Profesionalisme dalam Merawat Situs Majapahit

Posted in Uncategorized by arsiteknusantara on Maret 7, 2009

Oleh Tjahja Tribinuka, MT

Staff pengajar Jurusan Arsitektur ITS

Diterbitkan di harian Surabaya Post, Minggu 25 Januari 2009

Kebesaran bangunan dari kerajaan Majapahit yang pernah menguasai nusantara pada abad ke 13 sampai saat ini masih banyak tertinggal di daerah Trowulan, Mojokerto. Baik berupa candi maupun artefak lain berusaha dirawat sedemikian rupa hingga generasi berikutnya dapat mempelajari berbagai kelebihan yang telah dimiliki nenek moyangnya. Namun demikian, usaha ini juga perlu disertai dengan profesionalisme yang melibatkan berbagai bidang. Terbukti bahwa arsitek Belanda bernama Henri Mclaine Pont lebih dapat mengungkapkan eksistensi situs majapahit bukan saja menggunakan bidang ilmu arkeologi, namun juga ilmu sastra dari kitab Negara Kertagama. Dalam proses menyibak misteri situs Majapahit yang hasilnya dapat dinikmati di Museum Trowulan saat ini, tentunya dasar ilmu arsitektur yang sudah dimilliki oleh Mclaine Pont secara otomatis juga dilibatkan.

Jika wujud situs tersebut berupa karya arsitektur yang membutuhkan pemikiran kritis tentang langgam dan sistem konstruksi, maka selayaknya pembongkaran dan penyusunannya disesuaikan dengan kaidah konservasi bangunan secara arsitektural pula. Sebagai contoh, penguatan konstruksi dari rumah ‘Falling Water’ karya arsitek Frank Lloyd Wright yang mengharuskan membongkar lantai dilakukan dengan sistem yang amat profesional. Lempengan batu penyusun lantai bahkan diberi nomor dan dipetakan dengan gambar agar dapat dikembalikan sesuai aslinya. Berlainan dengan yang terjadi pada penemuan kerangka manusia di dalam situs Sumur Upas, Trowulan. Pengangkatan kerangka dilakukan tanpa pemetaan yang jelas sehingga ketika diletakkan kembali menjadi sangat berbeda dengan posisi badan kerangka saat ditemukan. Kerangka manusia merupakan obyek sejarah yang berukuran lebih kecil dari lantai ‘Falling Water’, namun penangannya justru malah tidak terpetakan secara otentik.

resize-of-1a

Gambar 1a. Penemuan kerangka manusia di situs Sumur Upas, Trowulan. Terlihat posisi tidur manusia dari kerangka saat awal ditemukan, kemudian dipindah dalam kotak kayu dengan posisi yang sudah berbeda. Saat ini, kerangka tersebut dalam posisi berserak berantakan seperti benda tidak berguna.

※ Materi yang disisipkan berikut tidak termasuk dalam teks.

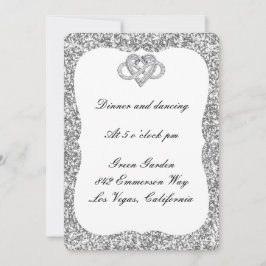 Silver Glitzer Infinity Heart Empfang Card Einladung
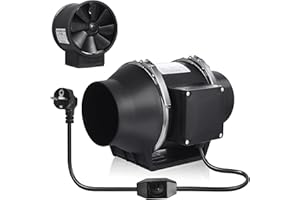 Vehipa Ventilateur d'extraction 100 mm Réglable, Extracteur d'Air 220 V 220 m³/h avec Prise EU, Ventilateur Convient pour Tentes de Plantation, Bureau, Ventilation intérieure et l'extraction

Di Trowulan telah ditemukan berbagai gambaran tentang kotaraja Majapahit sebagai kota air dengan adanya Situs Kolam segaran, situs Reservoir Balong Bunder dan Balong Dowo, serta hasil foto udara tahun 1983 yang menemukan jajaran kanal besar. Pengetahuan arsitektur mengenai budaya manusia dalam berkehidupan selayaknya pula dipergunakan untuk membantu kegiatan arkeologi. Sebagai ‘kota air’ tentulah Majapahit memiliki taman-taman tirta. Sebuah kemungkinan keberadaan taman tirta ini justru merujuk pada situs Sumur Upas. Sampai saat ini situs tersebut diduga sebagai pondasi dari sebuah permukiman, namun hal ini masih meragukan karena kedalaman dari pondasi tersebut kurang masuk akal. Situs Sumur Upas yang merupakan tatanan batu bata justru lebih tampak seperti tandon-tandon air yang terbuka. Dugaan ini memang sekarang sudah sulit terlihat, namun jika meninjau keotentikan situs saat ditemukan, justru terdapat batu bata yang berukir di bagian atasnya, jelas tidak mungkin sebuah pondasi rumah yang ditanam di dalam tanah memerlukan ukiran.

resize-of-1b

Gambar 1b. Situs Sumur Upas di trowulan ditemukan dengan bentuk menyerupai jajaran tandon air. Saat ini batu yang berukir sudah dipindah ke museum Trowulan. Beberapa bata yang tercecer ditumpuk tanpa susunan yang sistematis

Dekat dengan situs Sumur Upas, terdapat situs Candi Kedathon. Saat ini Candi Kedaton yang telah ‘dirubah’ dengan perbaikan meratakan lantai bebatur masih menyimpan misteri tentang fungsi situs tersebut.. Keotentikan candi saat ditemukan menunjukkan bahwa lantai candi menyerupai kolam-kolam persegi yang berirama, namun ’perubahan kegiatan arkeologi’ menyebabkan lantai tersebut menjadi rata. Jika dihubungkan dengan pentingnya air bagi kehidupan kerajaan maka dapatlah diduga pula kemungkinan lain bahwa Candi Kedaton tersebut juga sebuah taman tirta. Segenap temuan periuk dan pencetak emas adalah peralatan yang disimpan di taman tirta tersebut.

resize-of-1c

Gambar 1c. Candi Kedhaton di Trowulan ketika ditemukan berupa bebatur dengan lantai berlubang seperti tandon-tandon air. Setelah diperbaiki saat ini, lubang-lubang tersebut tertutup menjadi lantai yang rata.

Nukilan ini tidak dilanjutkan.